Top of Supplied data

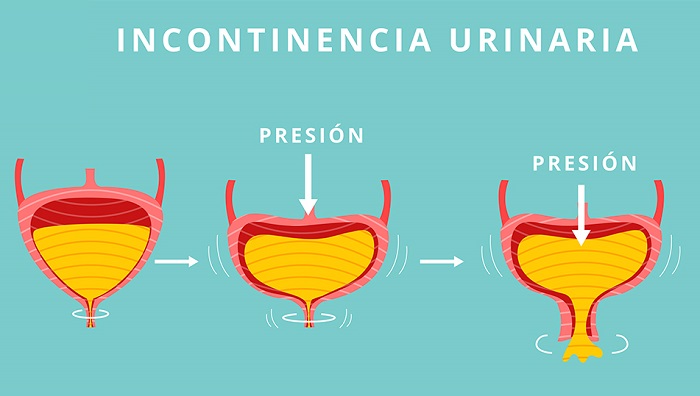 incontinencia urinaria en las mujeres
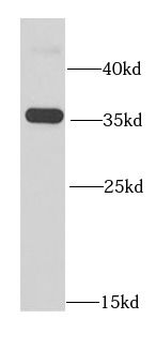 RFC5 Rabbit Polyclonal Antibody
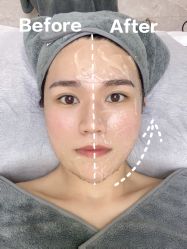 -VE专注问题肌·赛诺龙&科学美肤中心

Bottom of Supplied data

Exercise objective
Pictures are to be omitted; otherwise, write out the data exactly as it appears.

Task result
 incontinencia urinaria en las mujeres
 RFC5 Rabbit Polyclonal Antibody
 -VE专注问题肌·赛诺龙&科学美肤中心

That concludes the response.